[DATA UNDER STUDY]
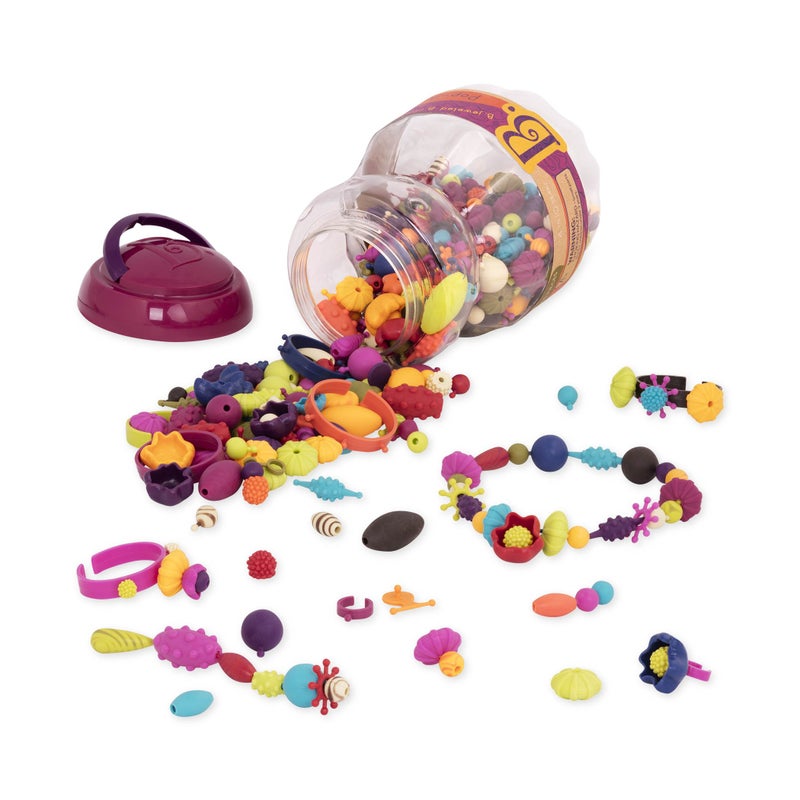 B toys Pop Arty 500 Pieces Jewlery Making Kit Creative Pop Snap Bead Set for Kids DIY Craft Jewelry Making Kit Necklaces Rings Bracelets 4 Years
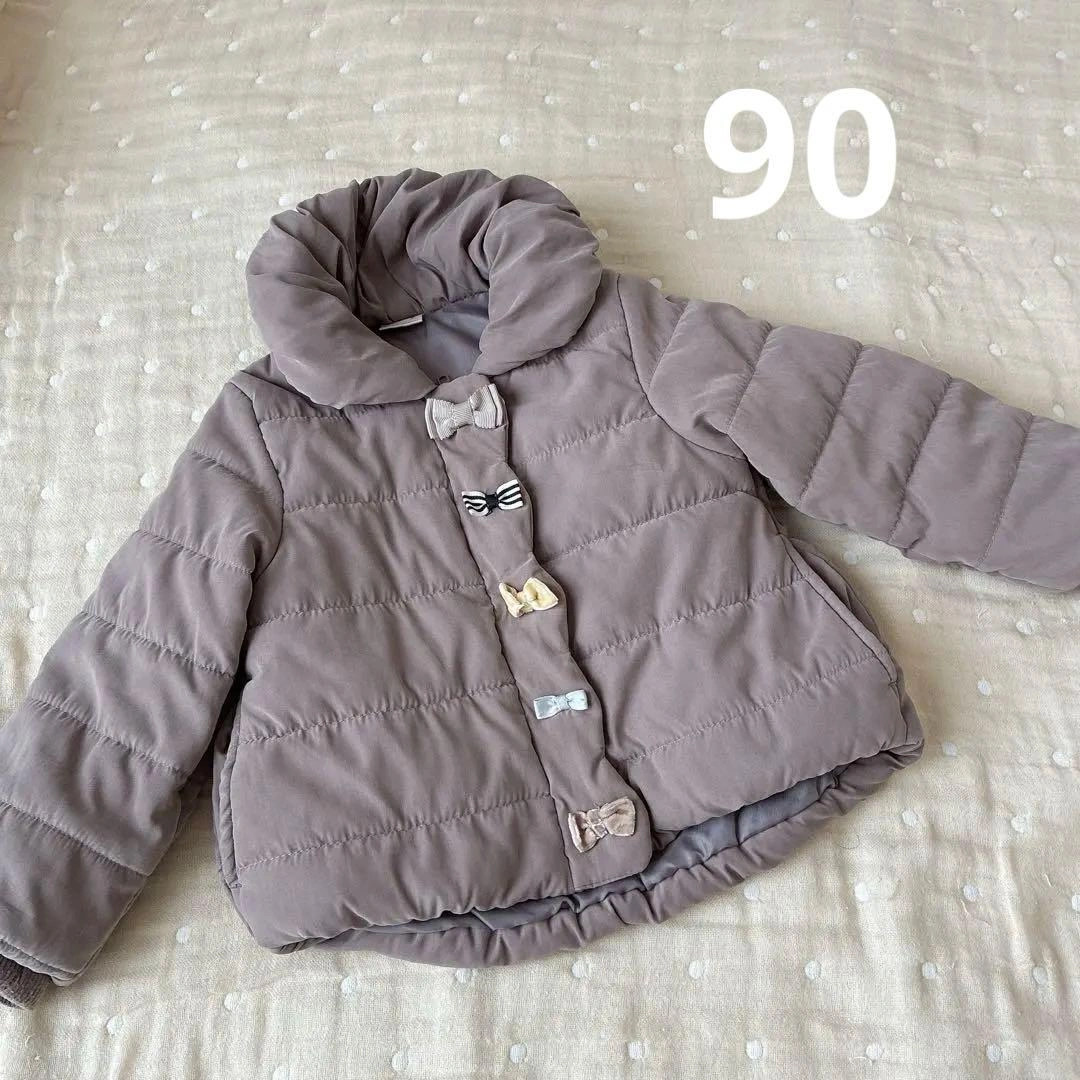 petit main 中綿コート 90cm リボン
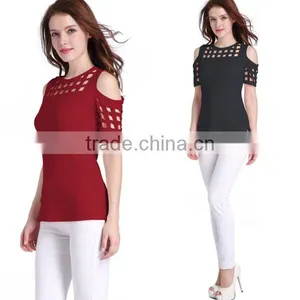Sexy Women Dry Fit Plain T-shirts Directly From Factory V-neck Blank T-shirts thumbnail-3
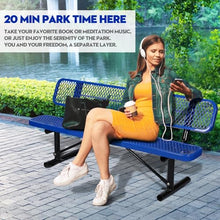 Metal Park Bench for Outside, Outdoor Bench with Backrest & Portable Frame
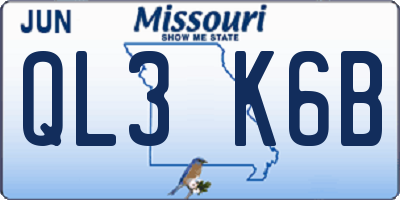 MO license plate QL3K6B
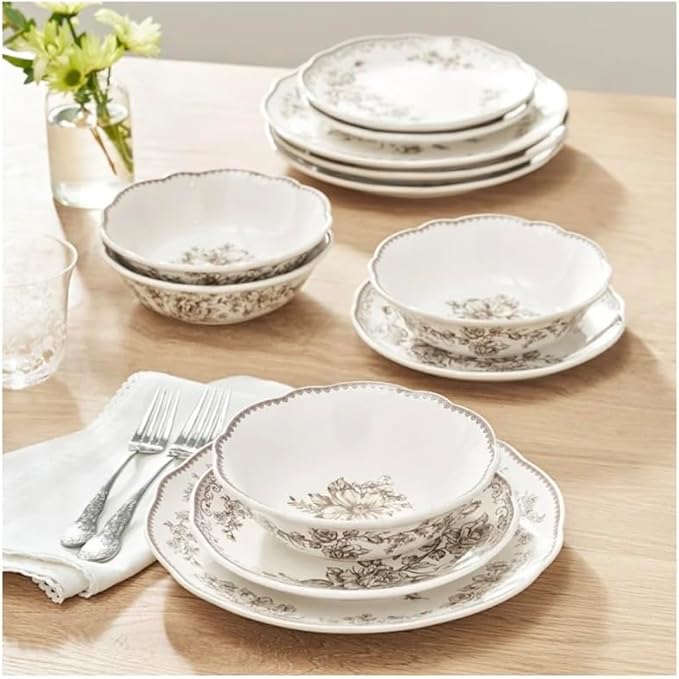 Vintage inspired Agatha Brown 12-Piece Stoneware Dinnerware Set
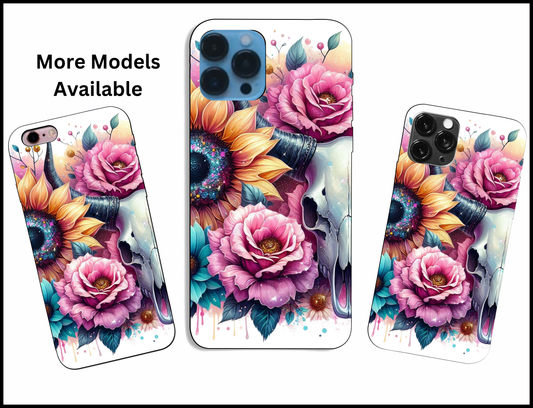 Bull Skull Floral Phone Case (168)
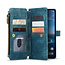 CaseMe - Hoesje geschikt voor Google Pixel 9 / 9 Pro - Vintage Wallet Book Case Ritssluiting - Met Magneetsluiting - Blauw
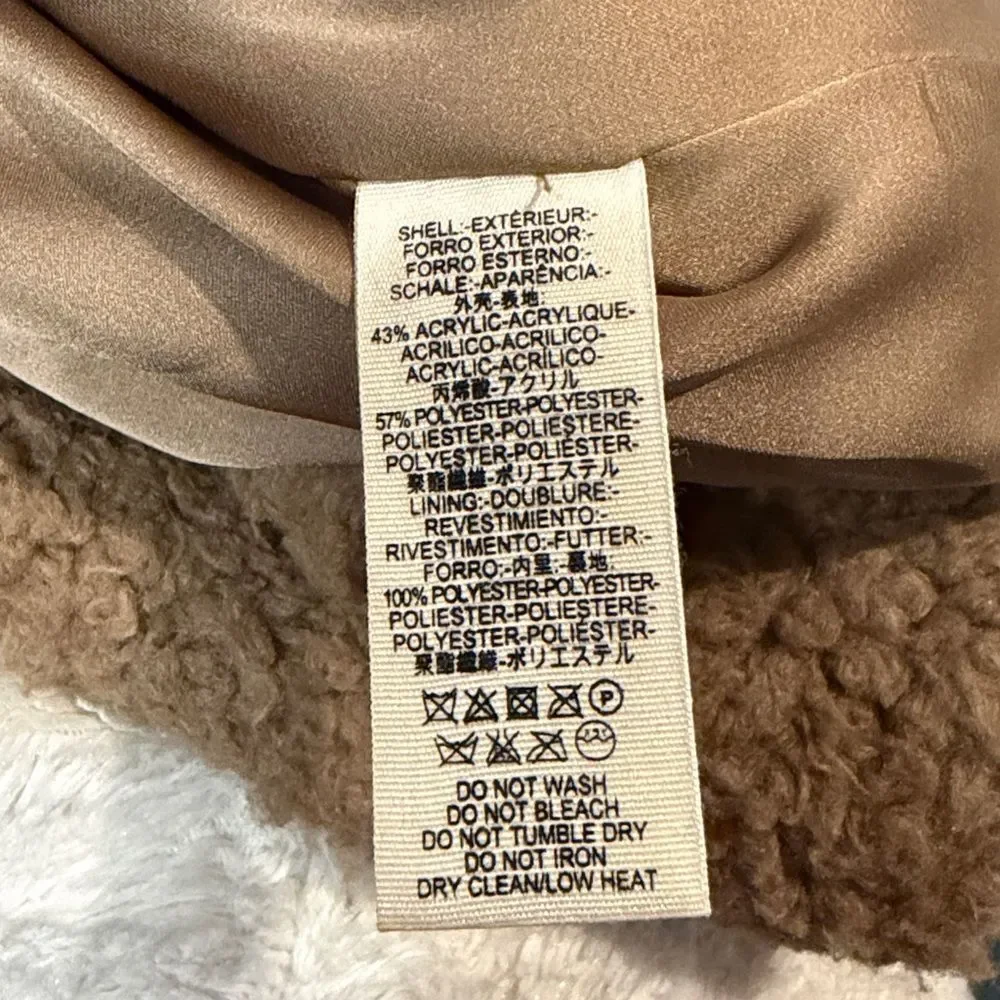 Free People- So Soft Cozy Peacoat Oversized Sherpa Jacket Pockets Buttons Size M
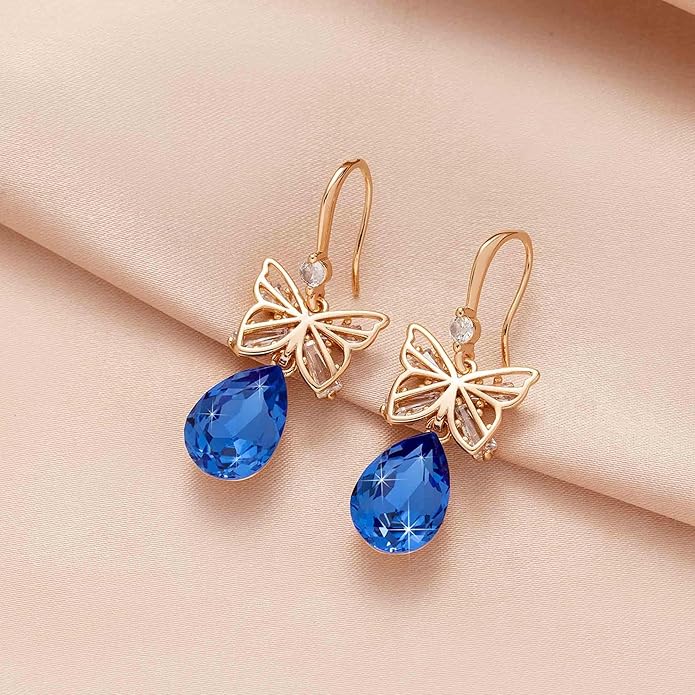 Austrian Crystal Teardrop Butterfly Drop Dangle Earrings for Women 14K Rose Gold Plated Hypoallergenic Jewelry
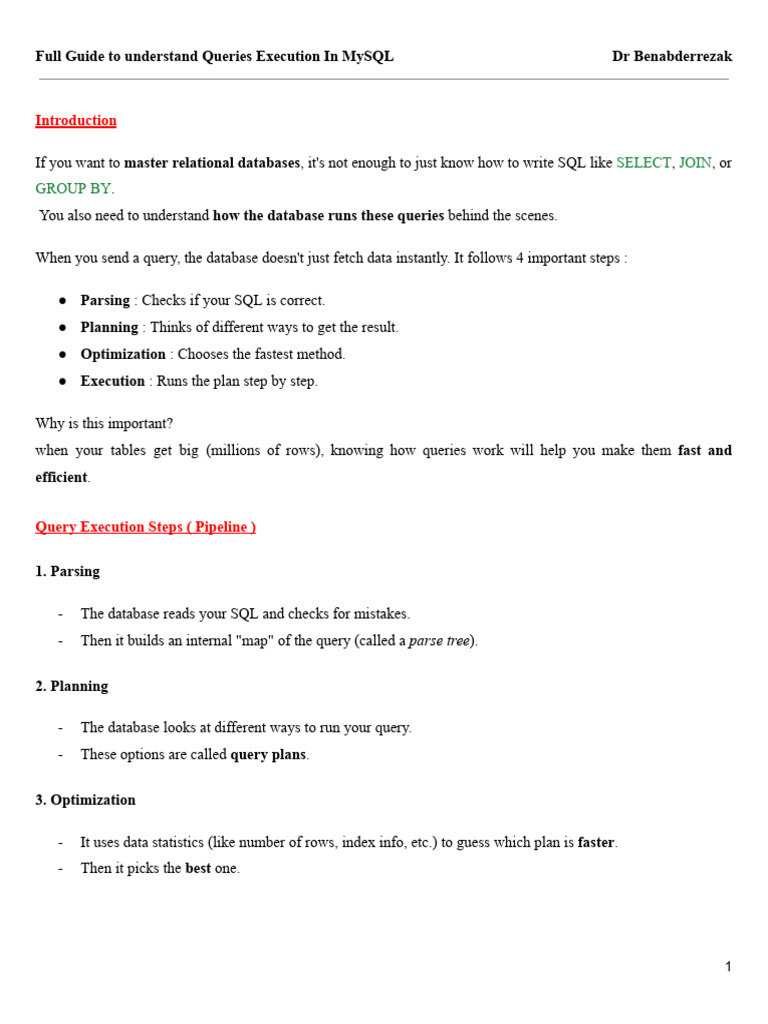Full Guide to Understand Queries Execution in MySQL | PDF | Database ...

[EXERCISE DIRECTIONS]
Pictures aside, retype the material exactly.

[ANSWER SECTION]
 B toys Pop Arty 500 Pieces Jewlery Making Kit Creative Pop Snap Bead Set for Kids DIY Craft Jewelry Making Kit Necklaces Rings Bracelets 4 Years
 petit main 中綿コート 90cm リボン
Sexy Women Dry Fit Plain T-shirts Directly From Factory V-neck Blank T-shirts thumbnail-3
 Metal Park Bench for Outside, Outdoor Bench with Backrest & Portable Frame
 MO license plate QL3K6B
 Vintage inspired Agatha Brown 12-Piece Stoneware Dinnerware Set
 Bull Skull Floral Phone Case (168)
 CaseMe - Hoesje geschikt voor Google Pixel 9 / 9 Pro - Vintage Wallet Book Case Ritssluiting - Met Magneetsluiting - Blauw
 Free People- So Soft Cozy Peacoat Oversized Sherpa Jacket Pockets Buttons Size M
 Austrian Crystal Teardrop Butterfly Drop Dangle Earrings for Women 14K Rose Gold Plated Hypoallergenic Jewelry
Full Guide to Understand Queries Execution in MySQL | PDF | Database ...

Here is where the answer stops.